4. O Ministério Público pronuncia-se pelo indeferimento da reclamação, considerando manterem-se intocados os fundamentos da decisão sumária reclamada.
Cumpre decidir.
II. Fundamentação
5. Vem a recorrente A. reclamar para a conferência da decisão sumária que decidiu não conhecer do recurso que interpôs para o Tribunal Constitucional.
Manifesta, para tanto, discordância quanto à consideração de que foi apreciada e decidida no Acórdão recorrido, no sentido positivo, a questão da sua notificação da acusação particular e diz, ao mesmo tempo, que “delimitou a decisão que aplica uma norma” e que “não poderia a Arguida identificar a norma que não é identificada na própria decisão objeto do recurso”.
6. No que concerne ao primeiro argumento, encontramo-nos no domínio da interpretação do Acórdão recorrido. A recorrente, ora reclamante, lê a expressão “[a]o que tudo indica”, constante do segmento transcrito na Decisão Sumária reclamada, como indicação de que a Relação de Lisboa nada decidiu.
Sem razão. Em construção frásica que se inicia pela referência às folhas do processado ponderadas e reputa a conclusão formada sobre o problema como dotado do grau de certeza contido na asserção “facilmente se enxerga”, a subsequente locução “ao que tudo indica” não sinaliza reserva de análise, ou apreciação meramente indiciária, mas sim a reiteração do sentido de evidência manifesta formado sobre a questão da efetiva notificação da acusação particular.
Não existem, então, motivos para contrariar o entendimento de que a ratio decidendi da decisão recorrida assentou no pressuposto (de facto) inverso do considerado pela recorrente.

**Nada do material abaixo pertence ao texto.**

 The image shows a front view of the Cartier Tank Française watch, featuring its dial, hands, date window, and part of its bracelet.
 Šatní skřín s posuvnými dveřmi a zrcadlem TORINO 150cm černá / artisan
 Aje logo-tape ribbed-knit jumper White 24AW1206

7. Porém, não foi esse o fundamento principal para a decisão de não admissão do recurso de constitucionalidade firmada na Decisão Sumária reclamada. Entendeu-se que a recorrente não questionou qualquer norma ou interpretação normativa, pretendendo, sim, sindicar o ato de julgamento no plano aplicativo do direito infraconstitucional e os termos da reclamação vêm confirmar esse entendimento.
Na verdade, como admite na parte final do requerimento, a recorrente não indicou no requerimento de interposição de recurso de constitucionalidade de qualquer norma ou interpretação normativa, o que não se reduz à referência ao preceituado em diploma. O conceito de caso julgado encontra autonomia na ordem jurídico-processual em termos de, quando articulado como determinante judicativa, poder a correspondente interpretação normativa – e não a sua aplicação às especificidades do caso concreto – ser questionada no plano da constitucionalidade.

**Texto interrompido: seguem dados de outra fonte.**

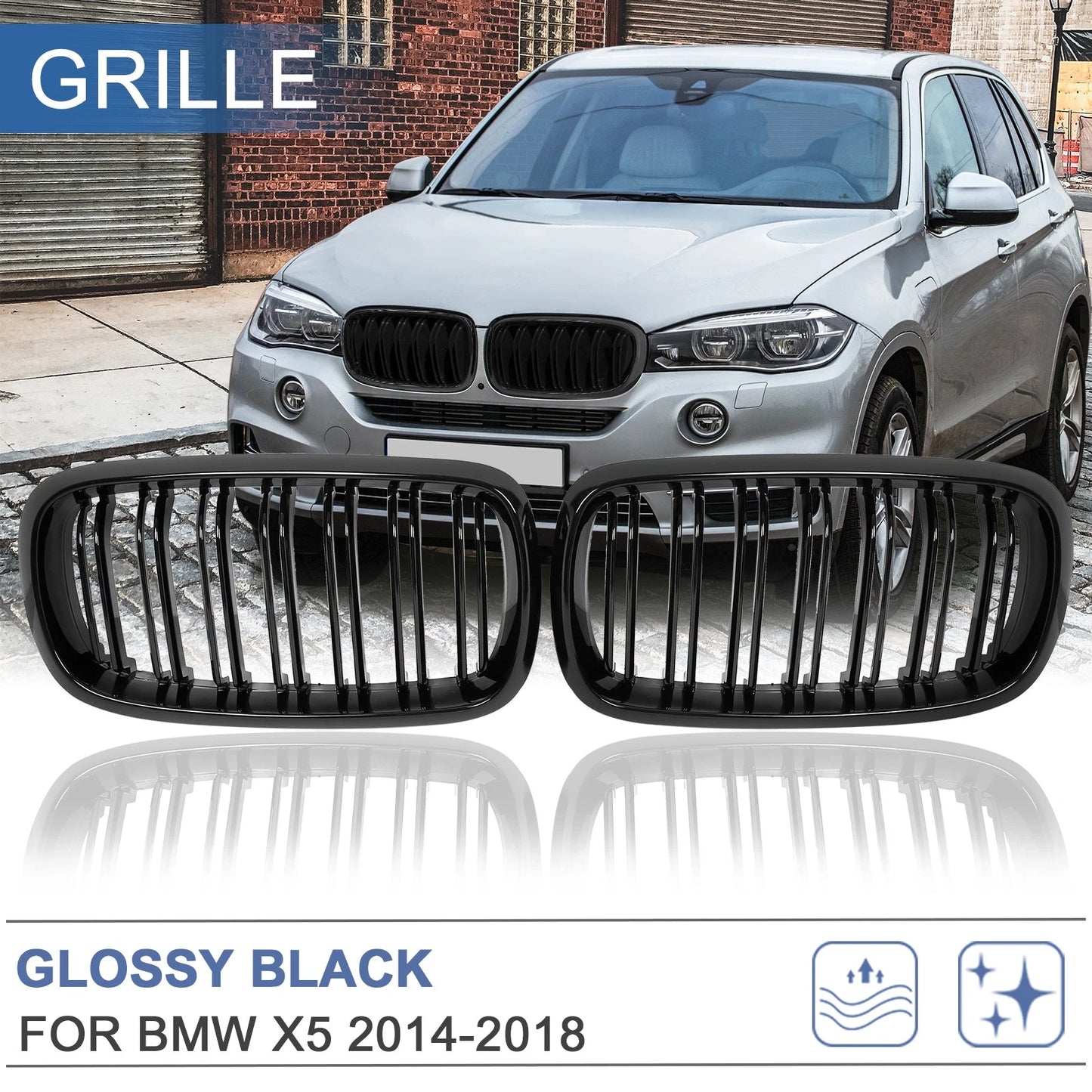 Glossy Black Front Kidney Grille for BMW X5 (2014-2018)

Ora, o requerimento de interposição de recurso para este Tribunal é bem claro quando imputa a inconstitucionalidade ao Acórdão recorrido, em si mesmo, e à aplicação que, na leitura da recorrente, teria feito in casu do conceito de caso julgado. Assim decorre, com evidência, do propósito de ver apreciado por este Tribunal Constitucional o entendimento de “que existe caso julgado formal relativ[o] à invocada nulidade processual”.
8. É, pois, de confirmar a decisão sumária que, com fundamento em ausência de questão normativa de constitucionalidade, não conheceu do respetivo objeto.
III. Decisão
9. Nos termos e pelos fundamentos expostos, decide-se indeferir a presente reclamação e confirmar a decisão sumária n.º 7/2013.
10. Custas pelo reclamante, fixando-se a taxa de justiça em 20 (vinte) unidades de conta, tendo em atenção os critérios seguidos por este Tribunal e a dimensão do impulso desenvolvido pelo reclamante.
Notifique.
Lisboa, 20 de fevereiro de 2013. – Fernando Vaz Ventura – Pedro Machete – Joaquim de Sousa Ribeiro.